Six killed as Syria security forces launch sweep in Homs province
  • The Observatory later specified that among those killed, two were “armed individuals” who died during clashes with security forces, while the other four were “civilians executed by local gunmen who entered the town” alongside the security forces

BEIRTU, Lebanon: Six people were killed on Tuesday in Syria’s central Homs province, a war monitor said, as security forces launched a sweep of the area.
The security forces were operating in the area around the village of Ghour Al-Gharbiya in western Homs “against the remaining militias supporting” ousted president Bashar Assad, the official news agency SANA reported.
The operation also targeted drug traffickers and smugglers, SANA said, citing a security source.
An “arms depot and munitions belonging to the ousted regime” were found, it added, reporting that violent clashes had broken out.
The Syrian Observatory for Human Rights said six people had been killed in the Shiite-majority village, which lies close to the border with Lebanon.
The Observatory later specified that among those killed, two were “armed individuals” who died during clashes with security forces, while the other four were “civilians executed by local gunmen who entered the town” alongside the security forces.
Tanks were also deployed to the area, said the Britain-based Observatory, which relies on a network of sources inside Syria.
Observatory director Rami Abdel Rahman told AFP that the village “hosted local groups close to Lebanon’s Hezbollah,” adding that those groups had left the area after the fall of Assad on December 8.
Hezbollah was one of Assad’s key backers in the nearly 14-year conflict that broke out with the former president’s violent repression of pro-democracy protests in 2011.
The Observatory said dozens were arrested during the latest security sweep.
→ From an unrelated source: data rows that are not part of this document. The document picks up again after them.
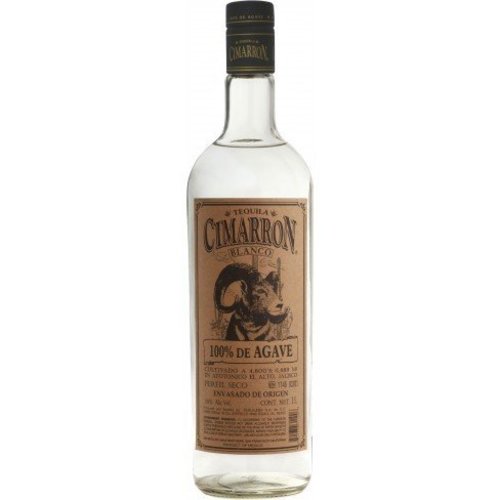 Cimarron Tequila Blanco, Jalisco, Mexico (750ml) Cimarron Tequila Blanco, Jalisco, Mexico (750ml)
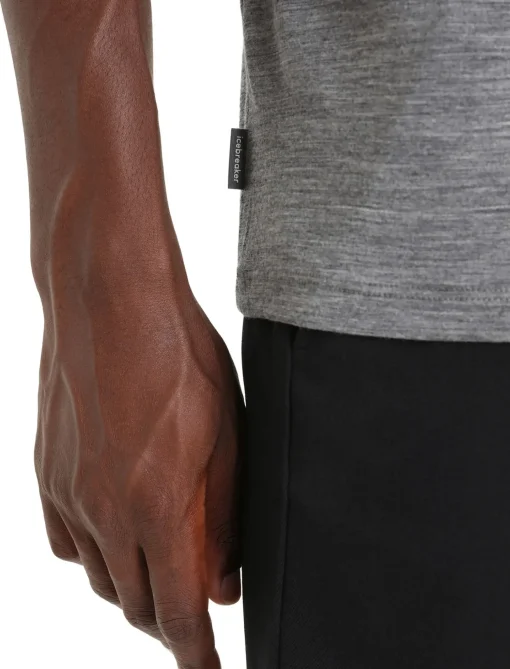 Herren Icebreaker Kurzarmshirts^Merino Tech Lite Ii T-Shirt Mountain Sunset Herren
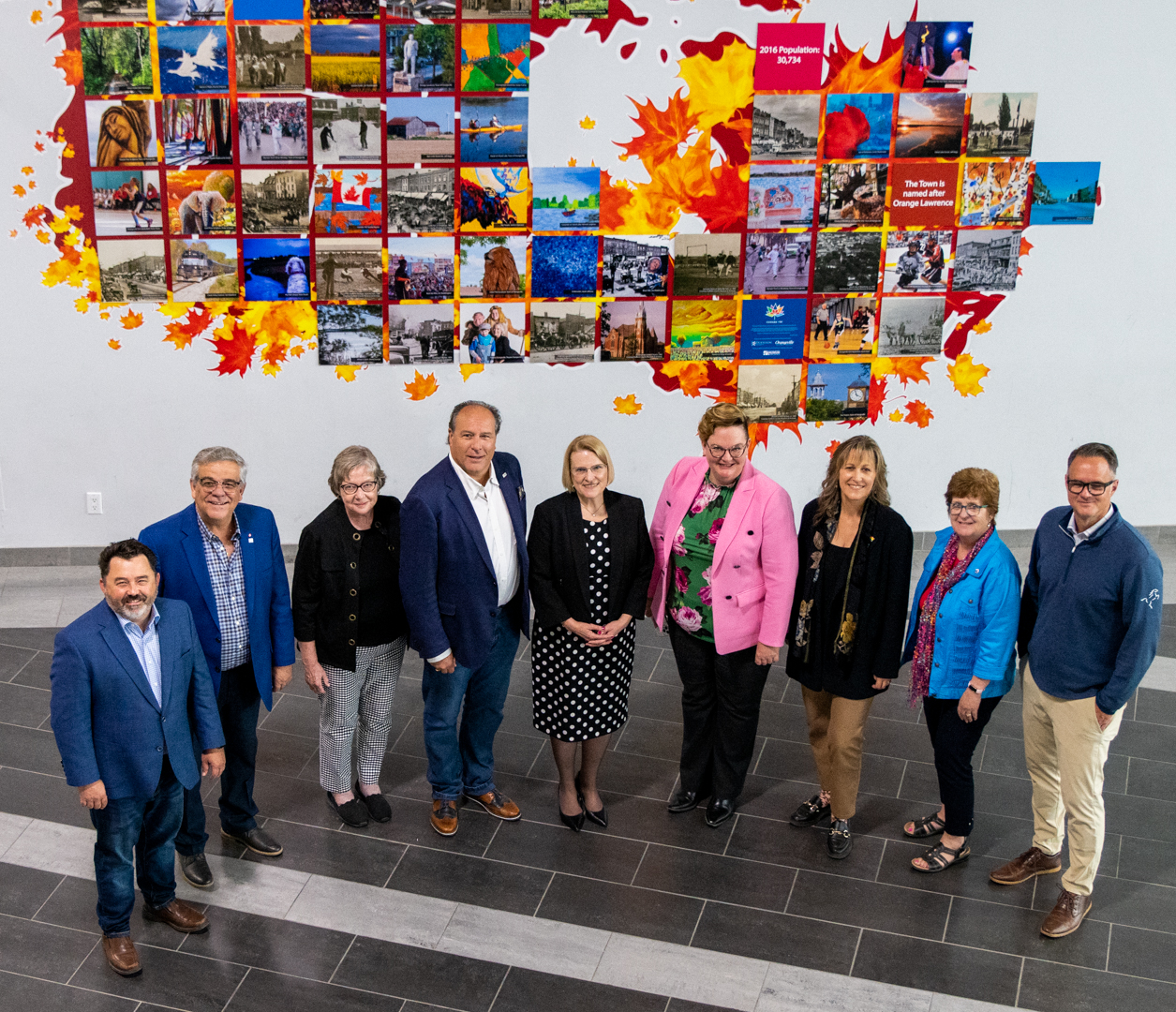 Group Photo of GTHA Mayors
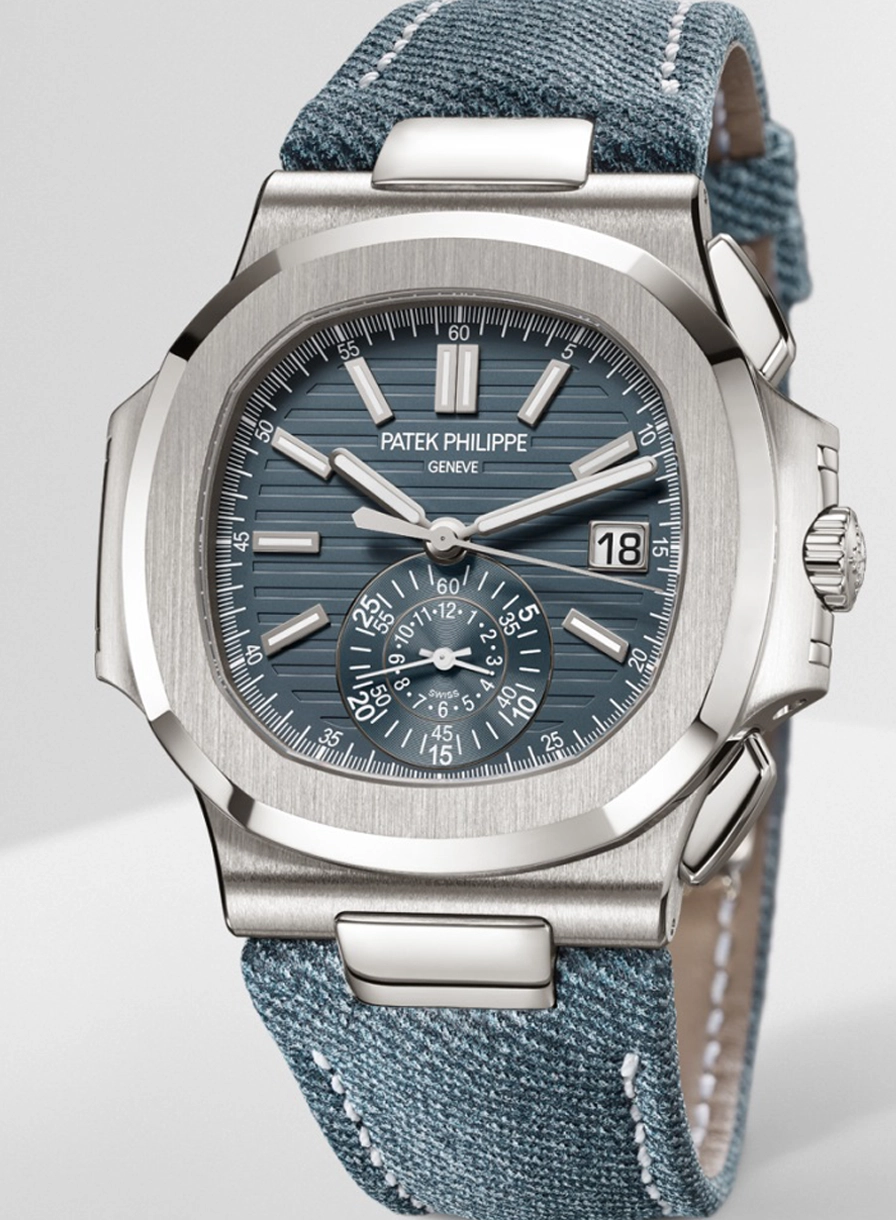 Nuevo modelo 2024: Patek Philippe Nautilus 5980/60G-001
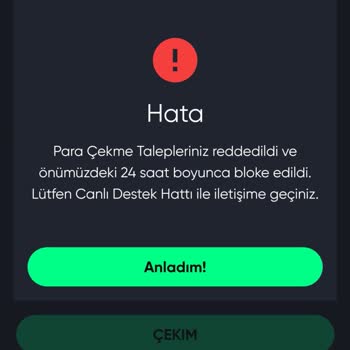 Baywin Bakiyemi Sildiler Yardımcı Olunuz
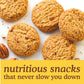 Simple Mills Almond Flour Crunchy Cookies, Toasted Pecan - Gluten Free, Vegan, Healthy Snacks, Made With Organic Coconut Oil, 5.5 Ounce (Pack Of 3)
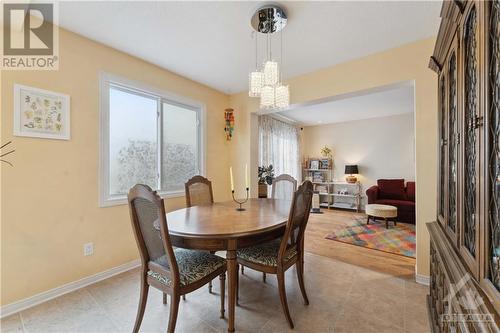 2210 Loyola Avenue Unit#38, Ottawa, ON - Indoor Photo Showing Dining Room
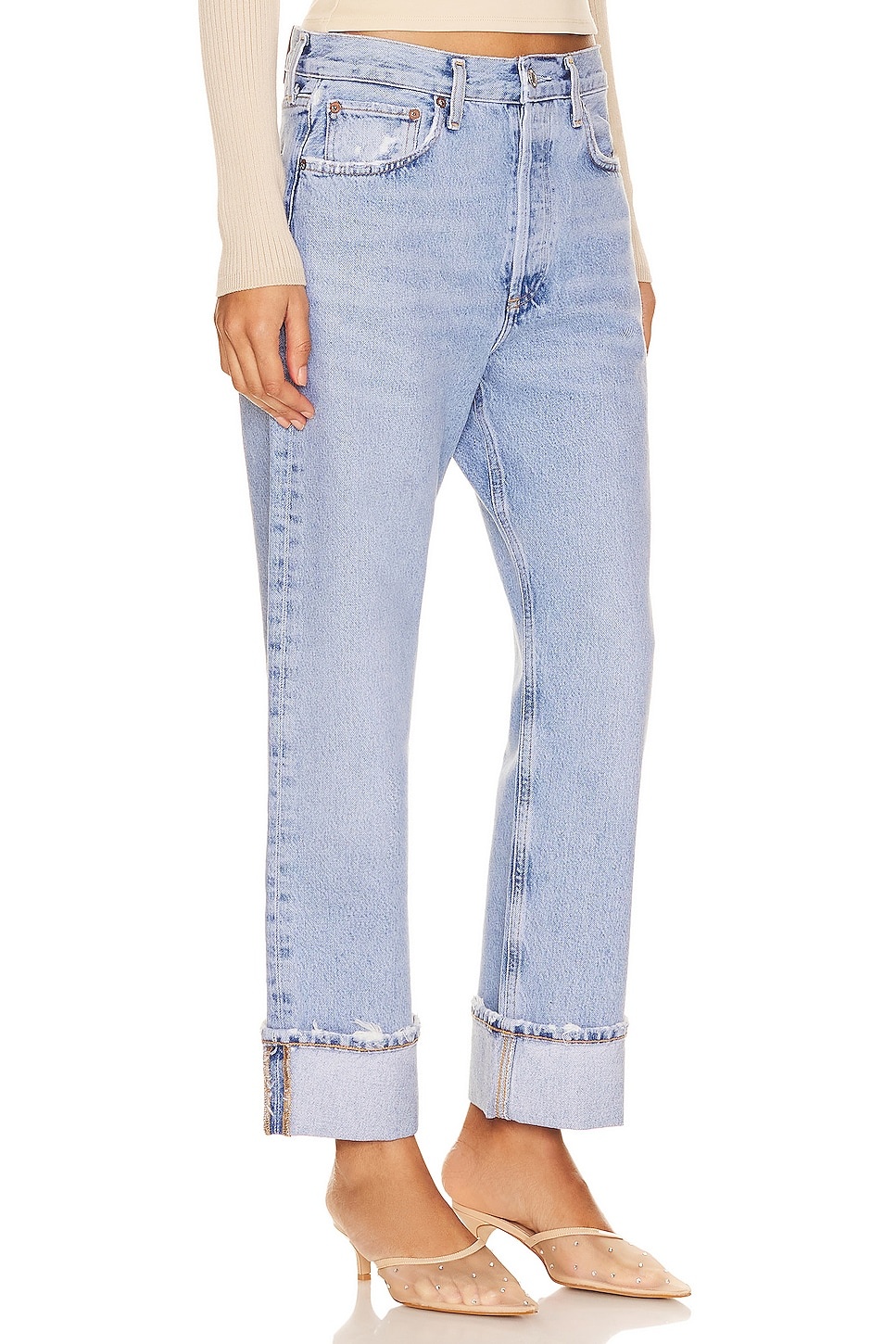 Fran Low Slung Easy Straight - 2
Recent weeks have seen widespread arrests of those accused of loyalty to Assad.
Islamist-led rebels forced Assad from power last month after a lightning offensive that saw them capture swathes of the country in 11 days.
Rights groups have reported violations by the new security authorities, including summary executions and the seizure of people’s homes.
The new authorities, however, have sought to reassure minorities in particular that their rights will be safeguarded.